* [Activity] The records below are to be reproduced exactly, with the pictures left out.

* [Data under study]
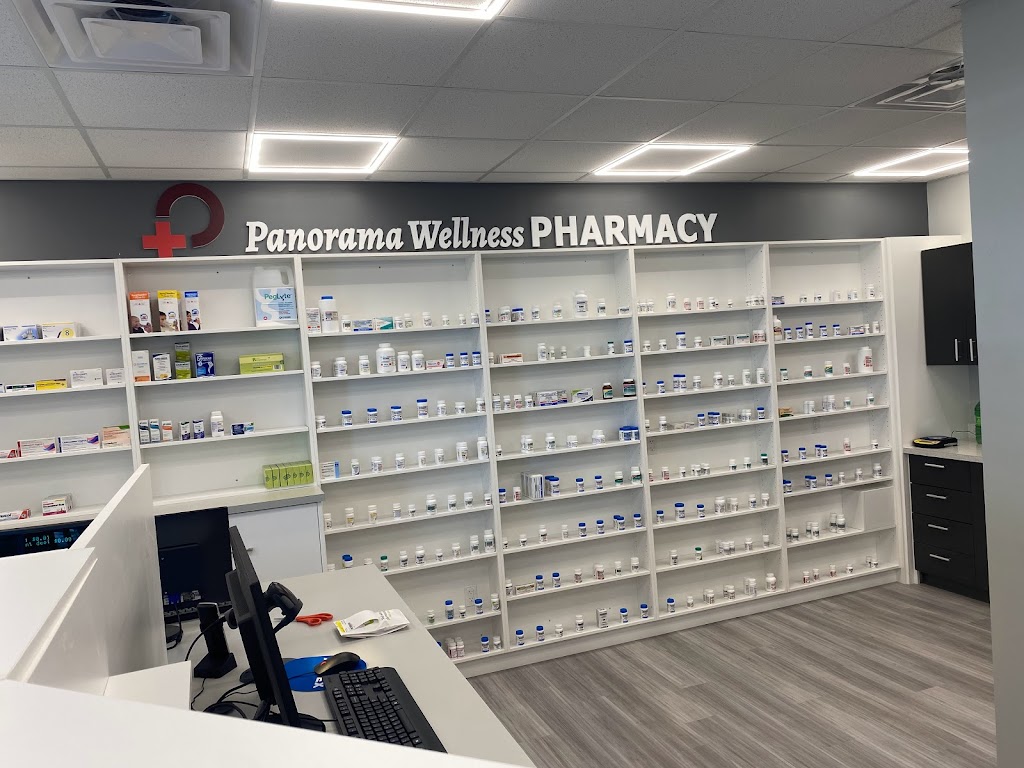 Panorama Wellness Pharmacy | 1380 Upper Canada St, Ottawa, ON K2S 1B9, Canada | Phone: (343) 499-1000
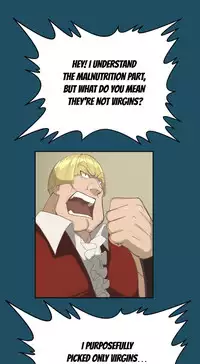 [Hong BanJang] Aharoo Ch.1-29 (English) (YoManga) (Ongoing)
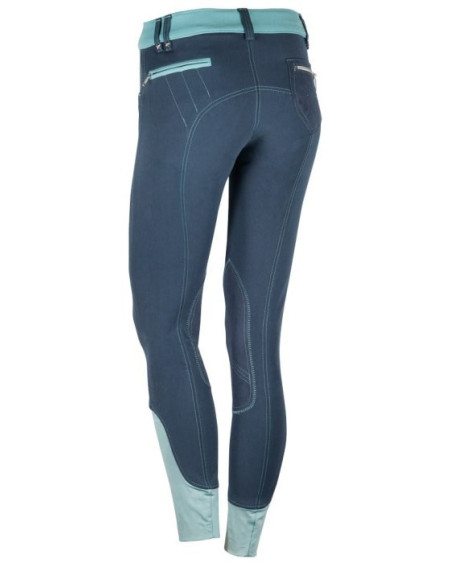 HH TIPTON rijbroek, Midnight Navy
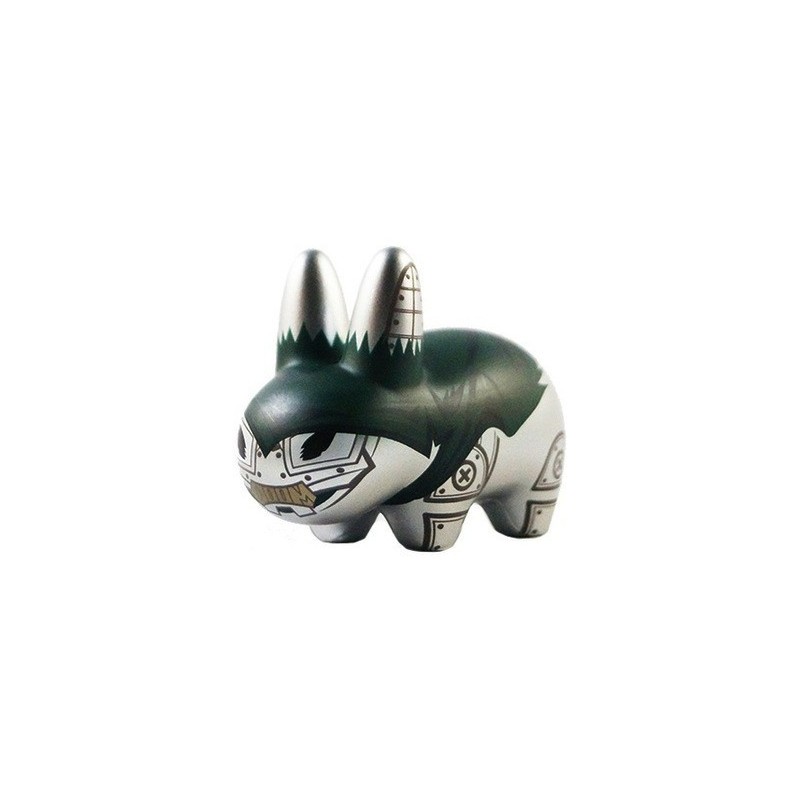 Marvel Labbit Mini Series 2/20 Dr. Doom 2.5-Inch Figurine Kidrobot
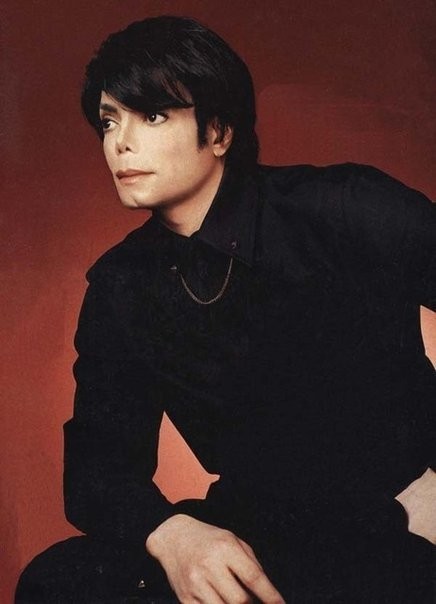Michael Jackson Fotoğrafları 1553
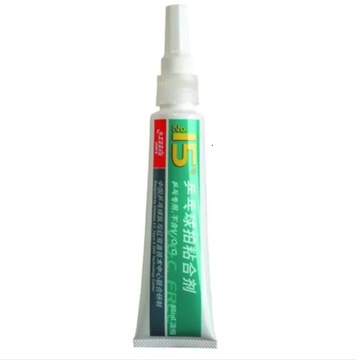 DHS Klej NO 15 98 ML Oficjalny Reprezentacji Chin Do Tenisa Stołowego Ping
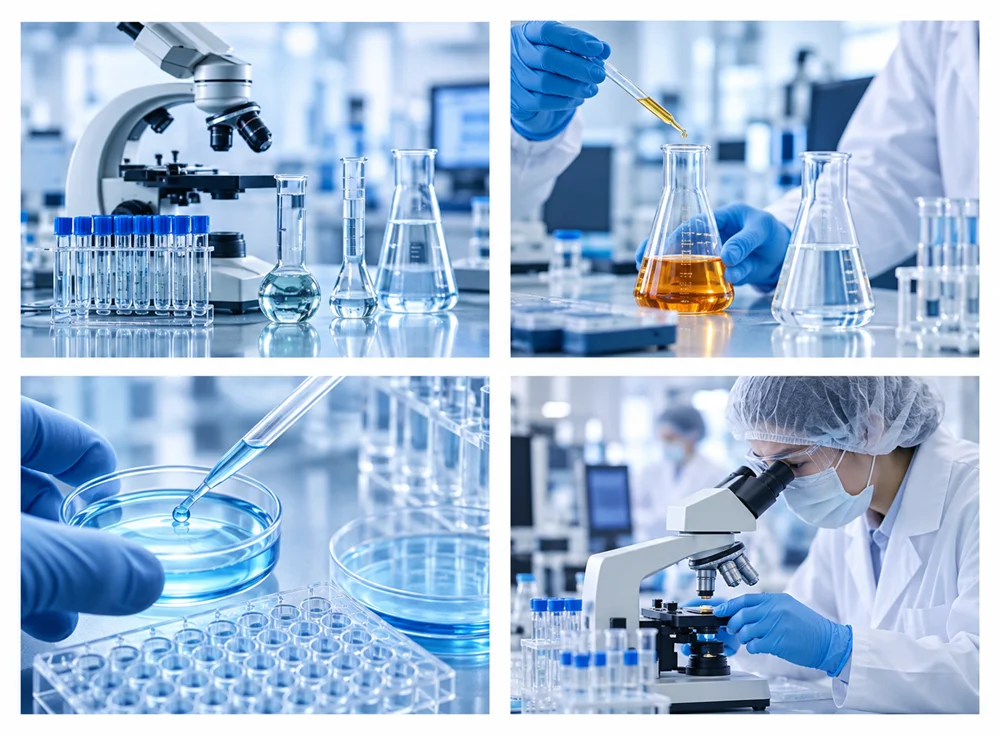 immersive-liquid-nitrogen-cryogenic-grinder-06-laboratory-experiment-scene-collage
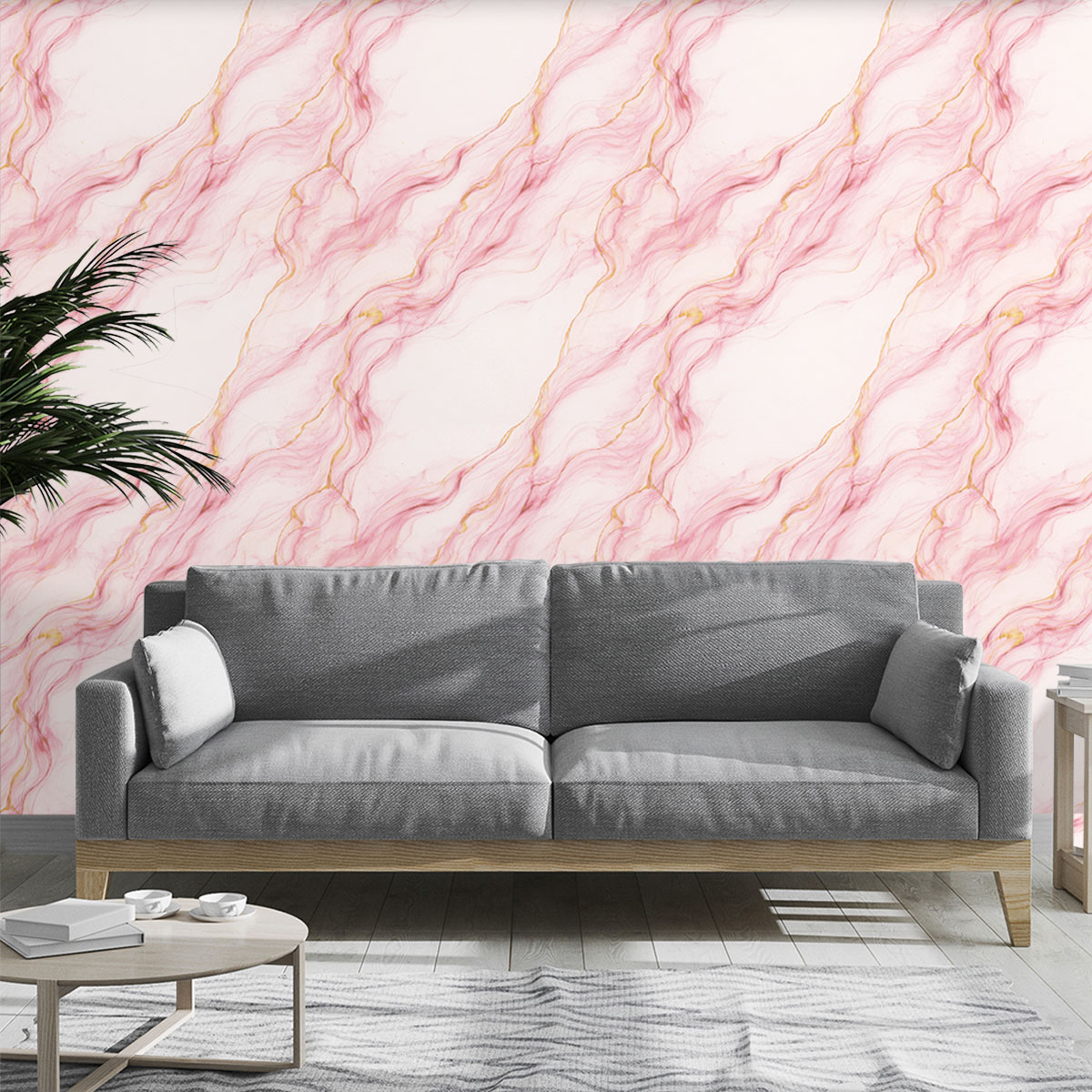 1 szt. Imitacja marmuru, samop – Pvc Panel Background recenzja i cena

* [Exercise output]
 Panorama Wellness Pharmacy | 1380 Upper Canada St, Ottawa, ON K2S 1B9, Canada | Phone: (343) 499-1000
 [Hong BanJang] Aharoo Ch.1-29 (English) (YoManga) (Ongoing)
 HH TIPTON rijbroek, Midnight Navy
 Marvel Labbit Mini Series 2/20 Dr. Doom 2.5-Inch Figurine Kidrobot
Michael Jackson Fotoğrafları 1553
 DHS Klej NO 15 98 ML Oficjalny Reprezentacji Chin Do Tenisa Stołowego Ping
 immersive-liquid-nitrogen-cryogenic-grinder-06-laboratory-experiment-scene-collage
 1 szt. Imitacja marmuru, samop – Pvc Panel Background recenzja i cena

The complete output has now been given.